Cette préoccupation n'a peut-être pas beaucoup d'importance dans le contexte des cercles de détermination de la peine dans les collectivités autochtones, où l'exercice du pouvoir collectif est susceptible de correspondre au pouvoir traditionnel et par conséquent, susceptible d'être largement accepté au sein de la collectivité. McNamara souligne par exemple que tout porte à croire que les cercles de détermination de la peine reflètent dans certaines collectivités autochtones des pratiques vieilles de 500 ans (McNamara, 2000, p. 77)[19]. Néanmoins, même dans des collectivités autochtones, des rapports de pouvoir inégaux peuvent exister et les programmes de justice réparatrice devront en tenir compte. Lorraine Berzins est d'avis que dans quelques-unes de ces collectivités, on peut observer :

[trad. libre]… des déséquilibres de pouvoir et des inégalités socio-économiques dans les collectivités. On sait que laissées à elles-mêmes, les collectivités ont déjà pris les personnes vulnérables pour boucs émissaires, ont déjà abusé des droits des défavorisés. Nous pourrions être pris dans une lutte entre ceux qui veulent qu'on accorde plus de pouvoir aux collectivités et ceux qui n'ont pas confiance que les collectivités sauront exercer ce pouvoir – à moins que nous prenions clairement conscience que la solution ne doit pas forcément être universelle (Berzins, dans Healy et Dumont, éd., 1997, p. 213, nous soulignons).
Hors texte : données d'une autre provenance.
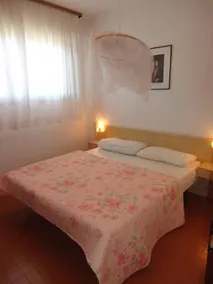 Beautiful Villa With Garden and Pool for 8 People - Zimmer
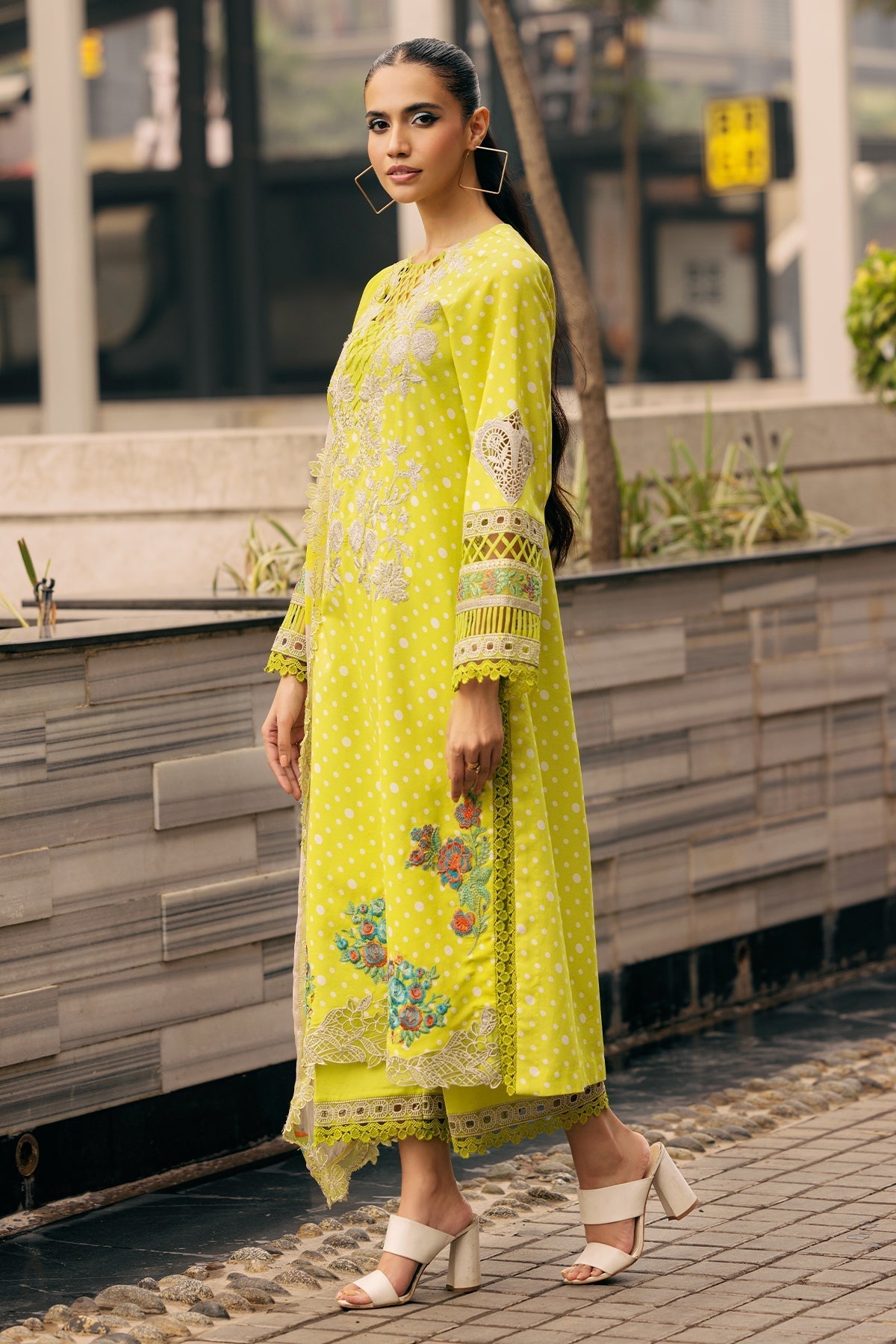 Charizma | Swiss Miss Voil Collection | CSM5-05 - Saira Saqlain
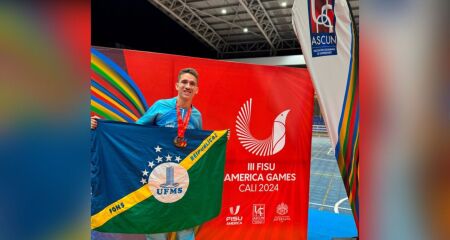 Em sua estreia na competição, Luiz saiu vitorioso de ambas as lutas, ganhou todos os rounds e garantiu o título de campeão Pan-Americano Universitário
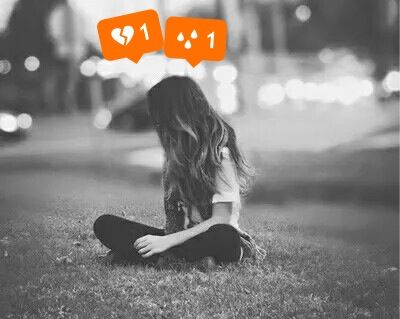 alone black broken bulb Favim.com 2943834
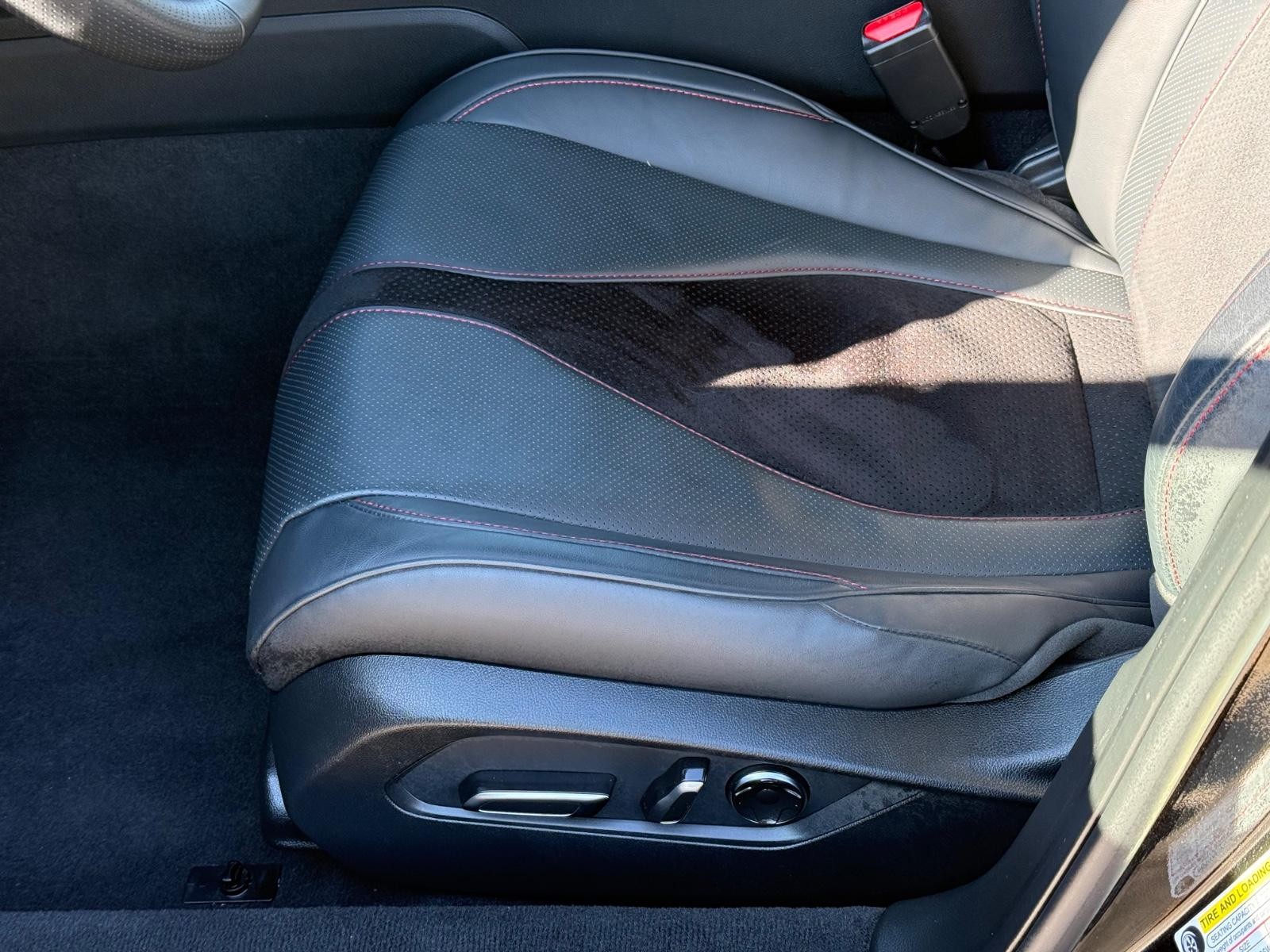 Acura TLX Vehicle Image 23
1.3.2 Les individus et les relations de pouvoir

On craint fréquemment que les pratiques de justice informelles, notamment la justice réparatrice, offrent des garanties procédurales insuffisantes (Ashworth, 2000, p. 84). Par exemple, les victimes et les délinquants, de même que les participants de la collectivité, peuvent jouir d'un accès différent aux aspects économiques, psychologiques ou autres de la capacité individuelle, et ces différences peuvent influer sur leur capacité de participer de façon valable à des programmes de justice réparatrice. Faisant référence en particulier à la médiation entre la victime et le délinquant, Crawford pense aussi que des rapports de pouvoir différents entre les parties peuvent influer sur les règlements, si ces différences demeurent incontrôlées (Crawford, dans Young et Wall, éd., 1996, p. 340). Par ailleurs, Joseph est d'avis que les cas de violence conjugale pourraient ne pas se prêter à la médiation, en partie à cause de la difficulté de garantir un pouvoir de négociation égal entre un délinquant masculin et une victime féminine dans ce contexte (Joseph, 1996). De plus, tout en étant conscient qu'il arrive aussi que les processus de la justice pénale conventionnelle ne réussissent pas à équilibrer le pouvoir entre un délinquant et une victime - ou entre un délinquant et l'État - on craint également que l'existence d'objectifs multiples et non constants au sein des programmes de justice réparatrice puisse elle-même créer des problèmes d'inégalité de pouvoir et comporter un potentiel d'abus.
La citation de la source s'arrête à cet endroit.